§ What is expected
Please write out the full listing beneath this line exactly, skipping its images.

§ Source material
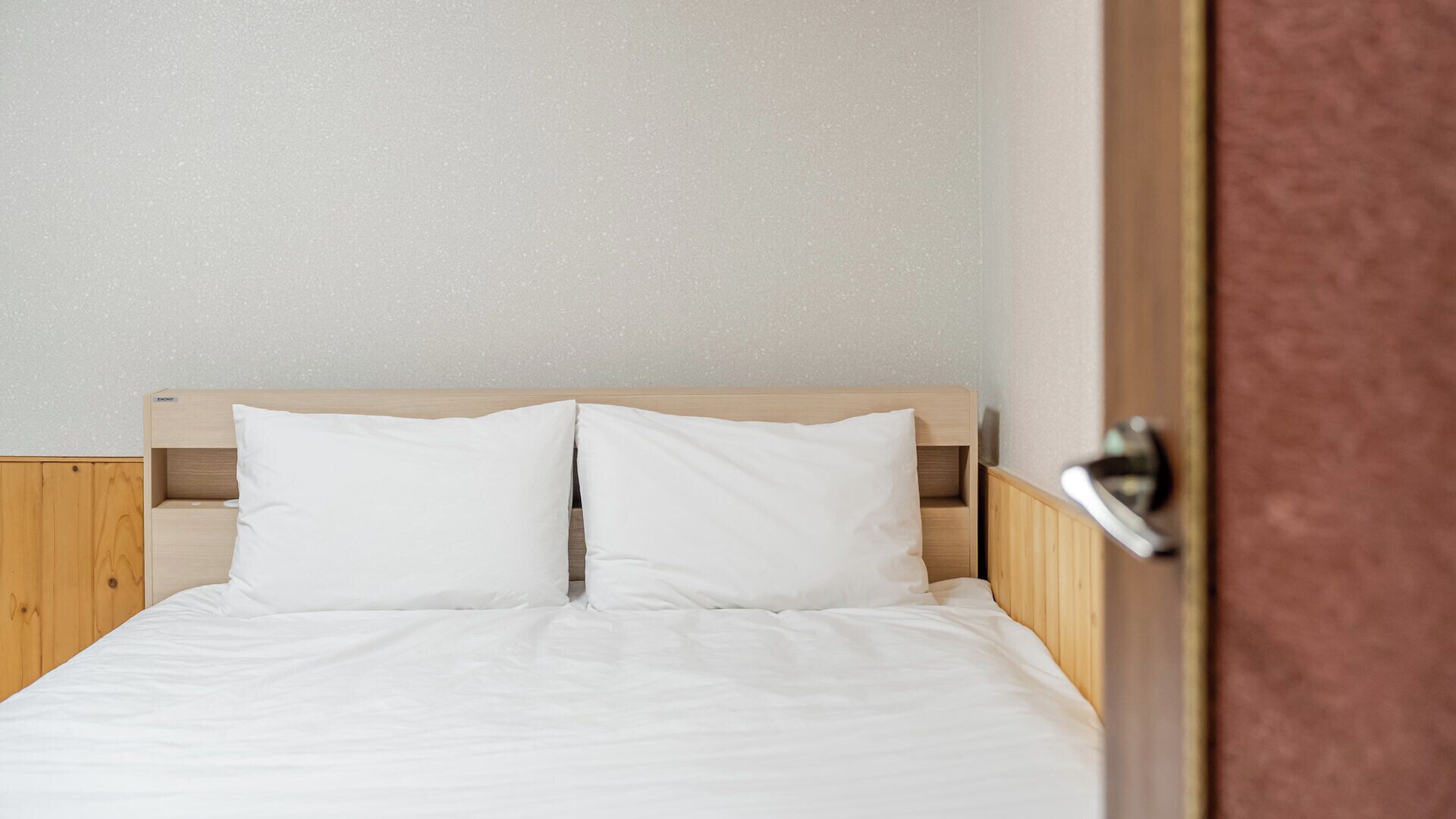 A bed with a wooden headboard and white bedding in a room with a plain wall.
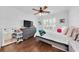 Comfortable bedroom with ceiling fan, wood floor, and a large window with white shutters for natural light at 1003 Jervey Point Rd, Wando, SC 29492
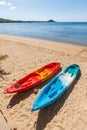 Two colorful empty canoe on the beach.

§ Result for this task
 A bed with a wooden headboard and white bedding in a room with a plain wall.
 Comfortable bedroom with ceiling fan, wood floor, and a large window with white shutters for natural light at 1003 Jervey Point Rd, Wando, SC 29492
 Two colorful empty canoe on the beach.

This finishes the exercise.